When Marc Norman came to Taubman College in 2017, he was already known as an expert on affordable housing. He spent more than two decades working on Wall Street and with nonprofit organizations around the United States and since 2019 has served as chair of the Federal Reserve Community Advisory Council. During his career he has helped to develop or finance more than 2,000 affordable units, or homes set aside for people making some fraction of their area’s median income. But he has begun to think differently about the housing shortage that is challenging American cities from Los Angeles to New York, and even his adopted home of Ann Arbor.
“I’ve moved on from only talking about affordable housing, because it’s not solving the problem,” says Norman, an associate professor of practice in urban and regional planning. The issue our cities face, he explains, is actually a shortage of housing of all kinds. “We now have a housing problem that is of a magnitude we’ve never had before. At the same time, we decided that swaths of our cities were only ever going to be single-family homes, and we used zoning to separate those houses from jobs and industry. And now cities don’t have enough housing at various sizes and configurations for all the people who want to live there.”
The consequences of choices made in the 20th century are now being felt in the form of staggering housing prices in many city centers, which price out middle and working class residents — in turn contributing to urban sprawl, long commutes, and increased greenhouse gas emissions. Governments and activists may push to help lower-income households with housing costs through measures like subsidies, rent control, or inclusionary zoning, in which a proportion of units in new projects must be reserved for low- or middle-income households. But Norman says none of these strategies address the root of the problem: In many cities, especially those with thriving job markets, it has become all but impossible to build enough housing for everyone who wants to live there.
“Most of the kinds of housing we used to build, we’ve restricted from being built now in most of the places we used to build it,” Norman explains. “The rooming house, the boarding house, the granny flat, the accessory dwelling unit — all of those are almost impossible to build in most places. And the problem isn’t just regulations; it’s figuring out ways to overrule homeowners and these established constituencies. We have homeowners who don’t want anything new in their neighborhood, because they think it’s going to affect their property values, which has the long-term effect of restricting housing to a very particular type — single-family homes — that more and more people can’t afford.”
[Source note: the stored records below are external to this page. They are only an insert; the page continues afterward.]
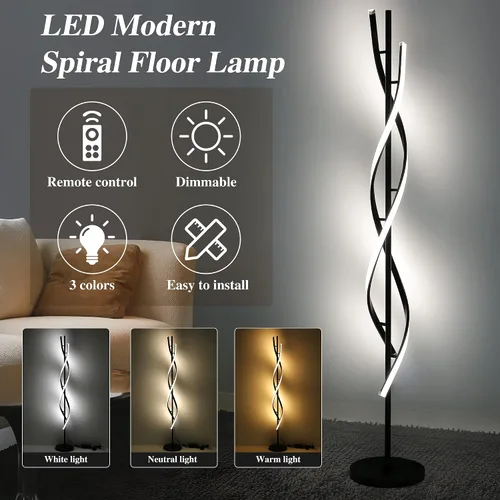 Miniatura 2 de Lámpara de pie moderna en espiral para sala de estar, lámpara de pie de esquina LED regulable de 30 W con control remoto, lámparas de pie negras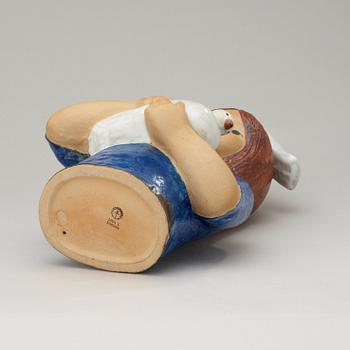 A Lisa Larson Larson stoneware sculpture of a girl with doves, Gustavsberg.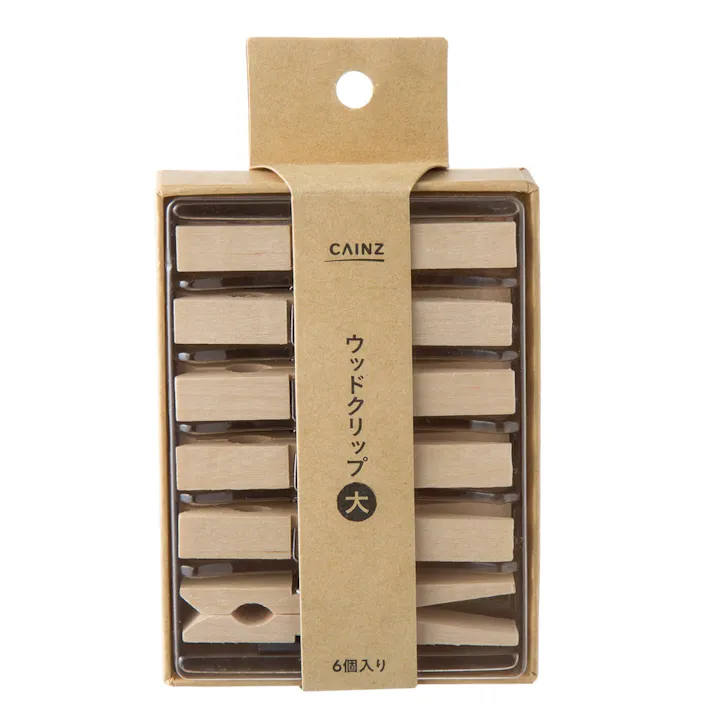 ウッドクリップ ナチュラル 大 6個入り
But there is some good news on the horizon, Norman says, as cities and states pass legislation to make it more difficult for NIMBYs (“not in my backyard” types) to block new construction. Some have required cash bonds from anyone who wishes to appeal to local authorities to stop a new development. Others are streamlining the approval process for new construction or restricting the use of zoning regulations that allow only single family homes to be built in certain urban neighborhoods. In 2018, Minneapolis eliminated single-family zoning — which had previously applied to 70 percent of its land area. The move means small apartment buildings can now be built in places they had never been allowed before.
“Within the planning community, that was seen as a real win and hopefully a roadmap for other cities,” Norman says. “But the development process is slow. Even if rules or regulations change, you need buy-in; you need builders, architects, engineers, banks, and investors on board, too. Planning has to be in dialogue with the financial markets, with demographers, and others. I’m a fan of interdisciplinarity.”
That’s at the heart of Taubman College’s approach to teaching real estate, which include a graduate certificate and an undergraduate minor (the latter was new in 2021). Norman is director of real estate initiatives at Taubman College and the faculty director of the Weiser Center for Real Estate at U-M’s Ross School of Business. Norman’s classes are full not only of architects, urban planners, and MBA candidates, but also students from the School of Social Work and the School for Environment and Sustainability. He hopes they all come away with a thorough understanding of all the angles that must be taken into account as we confront the housing crisis.
“I don’t necessarily want all my students to become developers,” he says, “but I want them to know the language of finance and development so that they can be more effective when they go out and change what they want to change. And I think it’s helpful to have this space where they can be in dialogue with other students bringing different perspectives. Hopefully they’ll learn the ways that their fields interact with other fields. And the students like it, because we are talking about mechanisms for solving what can feel like intractable problems.”